WHAT YOU SHOULD DO >> From the line that contains "Comfortable orthopedic everyday" down to the last line of the listing below, reproduce each line exactly but not the pictures.

#####

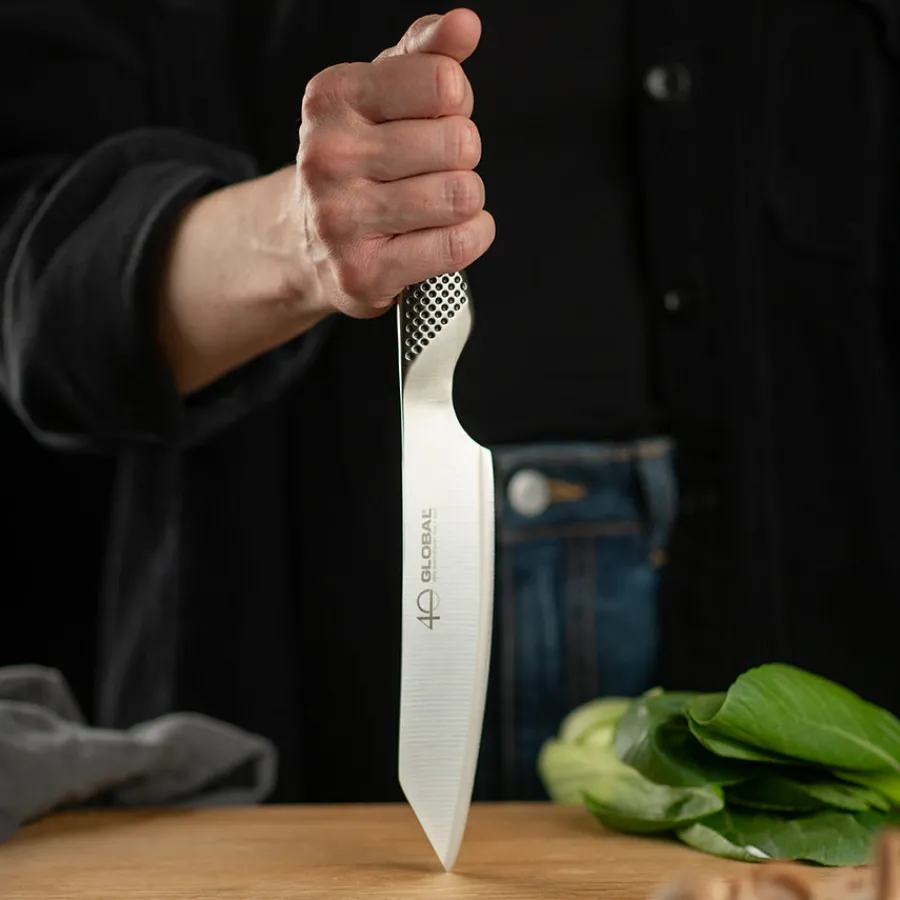 Kiritsuke Kniv 15cm 40års Jubileum<GLOBAL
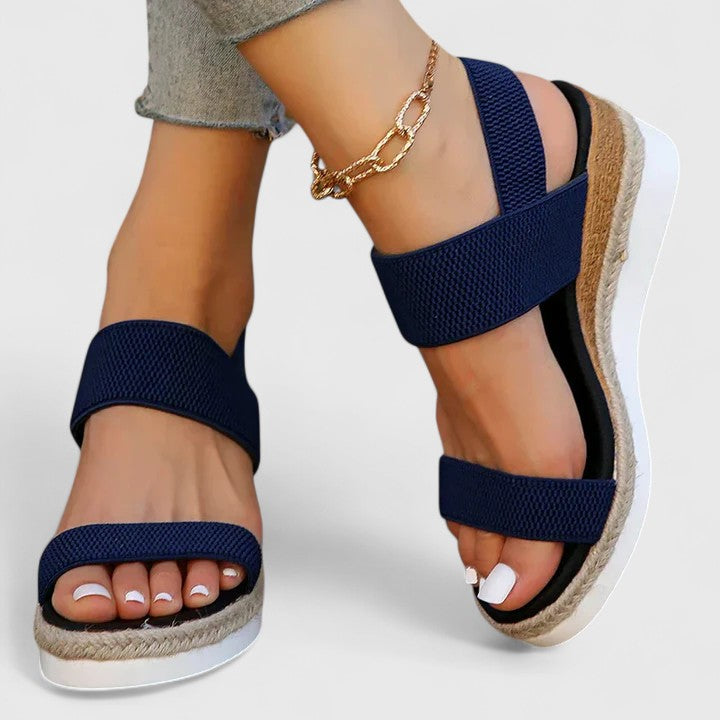 Comfortable orthopedic everyday sandals for women | Merill - 5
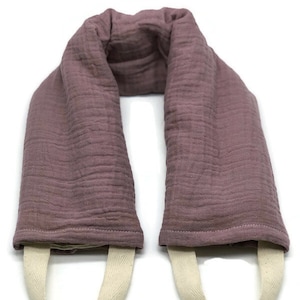 Lavender Aromatherapy Neck Wrap: Hot Cold Compress for Neck Pain Relief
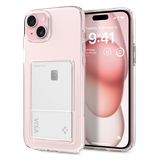  Ốp lưng Spigen iPhone 15 Plus Crystal Slot 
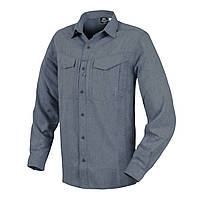 Сорочка з довгим рукавом Helikon-Tex® DEFENDER Mk2 Gentleman Shirt® - Melange Blue S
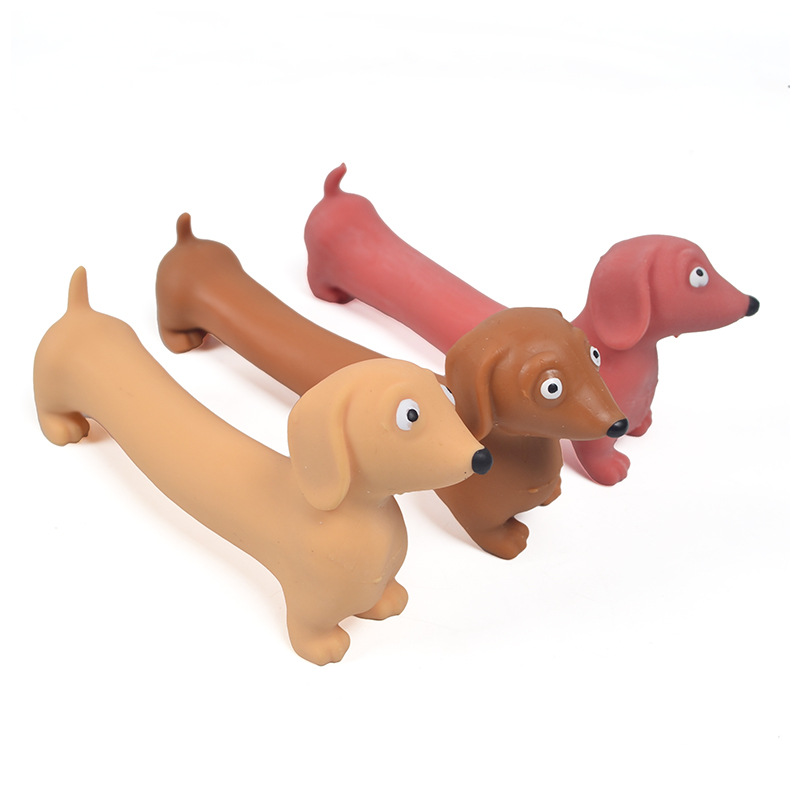 Creative Sausage Dog Pinch Mus - Kids Toys Dog ulasan dan harga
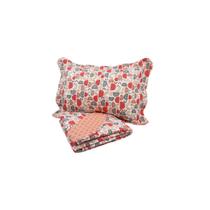 Colcha Solteiro Cobre Leito Infantil 2 pecas Estampas para quarto de meninos e meninas Colcha Solteiro Cobre Leito Infantil 2 pecas Estampas para quarto de meninos e meninas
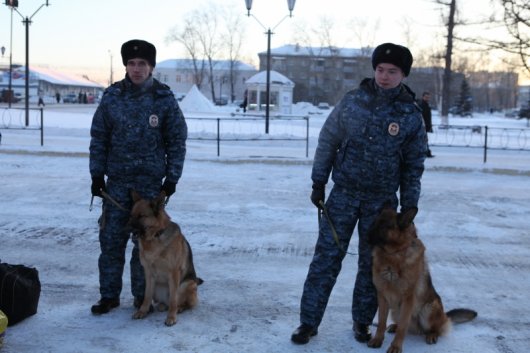 Полицейские из Удмуртии отправились в Дагестан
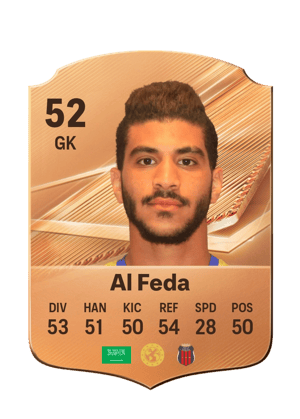 Al Feda - 52 - Rare
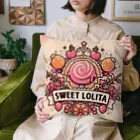 まんまるちゃんの🎀Sweet Lolita🎀 クッション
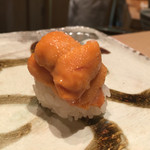 あま野 - 201511再訪 馬糞雲丹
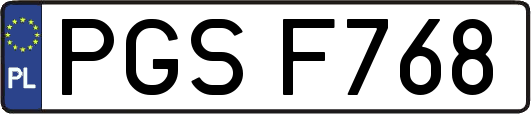 PGSF768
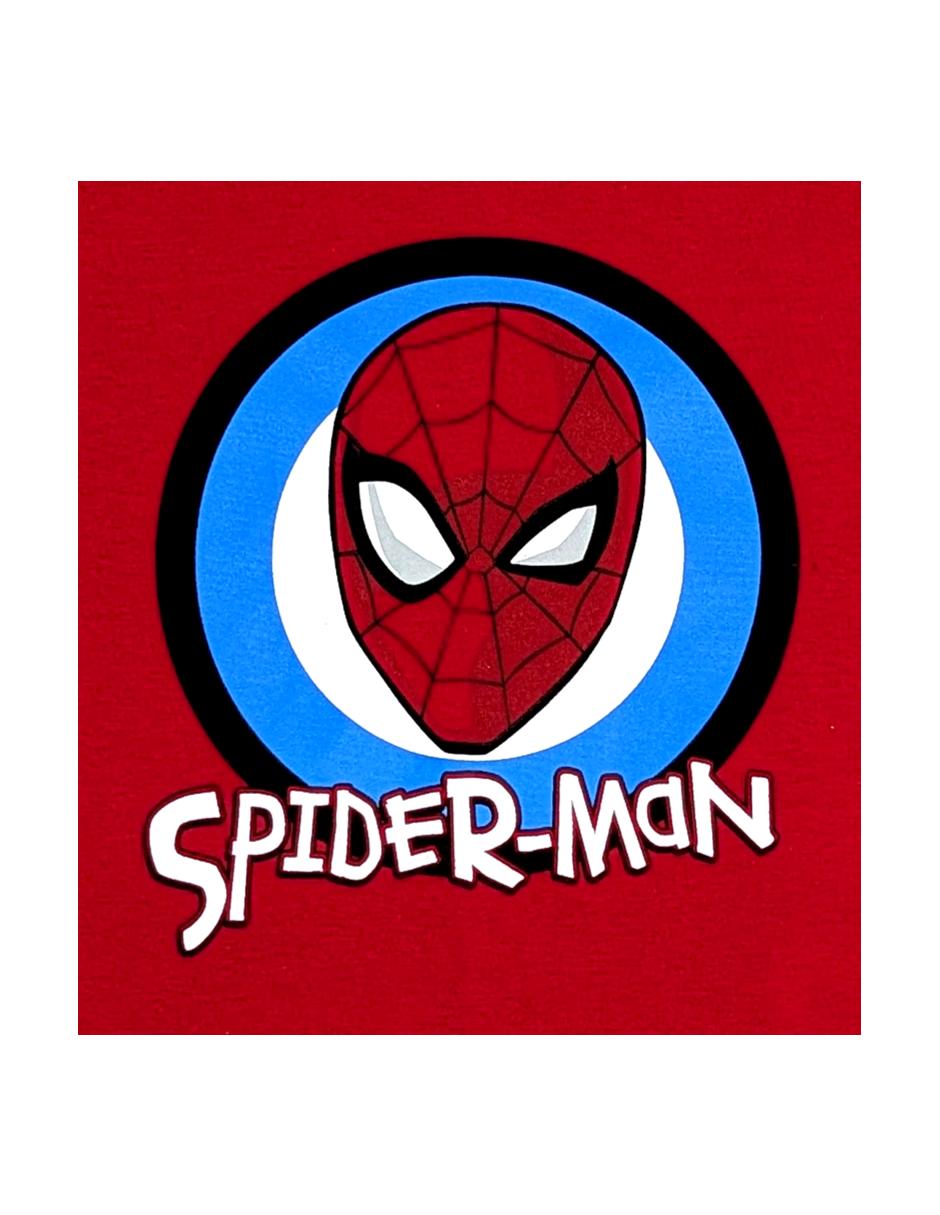 Playera Spider-Man manga corta para niño 3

#####

ANSWER TO THE PROBLEM >>
 Comfortable orthopedic everyday sandals for women | Merill - 5
 Lavender Aromatherapy Neck Wrap: Hot Cold Compress for Neck Pain Relief
  Ốp lưng Spigen iPhone 15 Plus Crystal Slot 
 Сорочка з довгим рукавом Helikon-Tex® DEFENDER Mk2 Gentleman Shirt® - Melange Blue S
 Creative Sausage Dog Pinch Mus - Kids Toys Dog ulasan dan harga
 Colcha Solteiro Cobre Leito Infantil 2 pecas Estampas para quarto de meninos e meninas Colcha Solteiro Cobre Leito Infantil 2 pecas Estampas para quarto de meninos e meninas
 Полицейские из Удмуртии отправились в Дагестан
 Al Feda - 52 - Rare
 まんまるちゃんの🎀Sweet Lolita🎀 クッション
 あま野 - 201511再訪 馬糞雲丹
 PGSF768
 Playera Spider-Man manga corta para niño 3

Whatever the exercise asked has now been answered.